Interest rates have been at all-time lows for almost a half-decade;
Property prices have doubled since 2004;
New Zealand has the world’s third most overvalued property market (now second);
New Zealand’s mortgage bubble grew by 165% since 2002;
Nearly half of mortgages have floating interest rates;
Mortgages account for 60% of banks’ loan portfolios;
Finance, not agriculture, is New Zealand’s largest industry;
New Zealand’s banks are exposed to Australia’s bubble;
Australian and Chinese buyers are inflating the property bubble;
New Zealand has a household debt problem;
Government overseas debt has nearly tripled since 2008;
The New Zealand dollar is overvalued;
…and it would be fair to say ALL of the above are very accurate points. So why hasn’t it? It’s now has been 10 years since the last major price correction.
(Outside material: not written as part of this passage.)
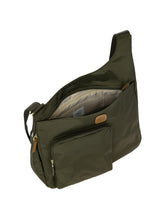 Recycled nylon medium shoulderbag | Bric's Milano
The Property Clock (below) tells us that once there is an affordability crisis, we then move into a major slowdown. Well… we do have an affordability crisis, but the Banks are propping up the economy with cheap lending money and thus we are in a holding zone.
So yes – we are in the Yellow Zone 1 of the clock (as of now). BUT, we are not seeing an oversupply of property, falling construction prices with an oversupply of tradespeople – and thus are stuck (time is standing still). NO Property Crash is coming soon.
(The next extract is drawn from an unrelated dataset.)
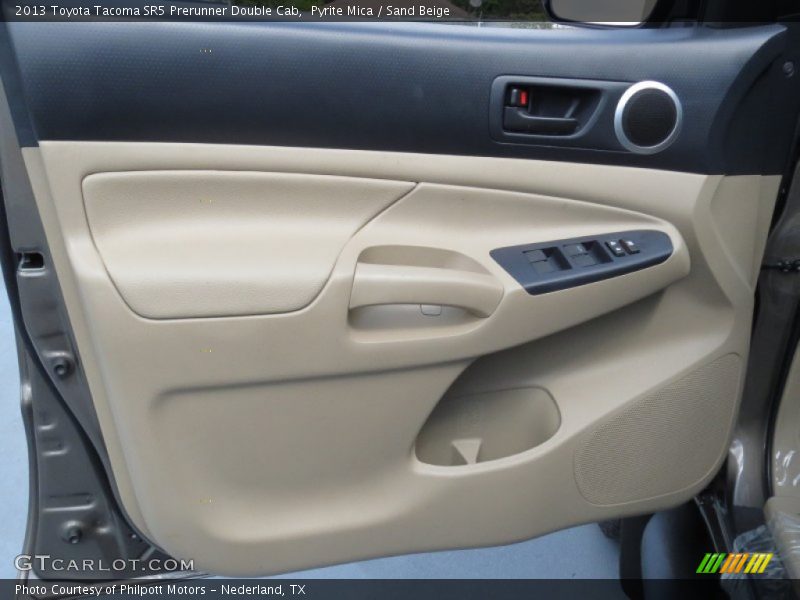 Pyrite Mica / Sand Beige 2013 Toyota Tacoma SR5 Prerunner Double Cab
Why? Interest Rates. If Interest Rates moved upwards – and let’s be fair it is incredible that they have not gone up… then I think we are up the creek without a paddle.
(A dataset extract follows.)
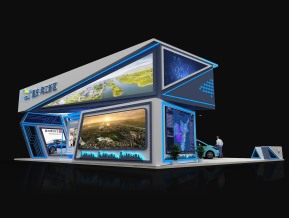 两江新区展览模型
It is almost if the Reserve Bank and the Banks are keeping us in an artificial holding zone of low interest rates – so the Property Crash doesn’t come.
If Mortgage Interest Rates went up:
Inflation would sky rocket
Construction Costs would sky rocket
A wave of residential property would come to the market by those whom are struggling now with low mortgage rates – that would struggle more paying higher mortgage interest rates.
Then we are in Blue Zone 2. More sellers than buyers, valuations fall, no confidence in property market etc.
Other things in the property market:
Proposed NZ Rental Changes
Proposal to increase tenancy termination from 42 days to 90 days in all circumstances incl sale of property
Require purchasers to take on the tenant of any rental property during the sale of property (98% of respondents felt that the new purchaser should be able to take vacant possession)
Removal of 90 day notice no-cause termination
No refusal to allow pets
Tenants rights to make modifications
Limit to increase rent to once a year – Could mean a larger spike in rent payments at once
Removal of letting fees – going ahead
Limit the practice of rent bidding
Australian Housing Market – A Cautionary Tale
House prices in Australian largest cities are falling
Low 40% Auction clearance rates
15 Month price decline in Sydney
Martin North of Digital Finance Analytics says best case 10-15% fall and worst case 30-45% (Sydney down 7.5% thus far)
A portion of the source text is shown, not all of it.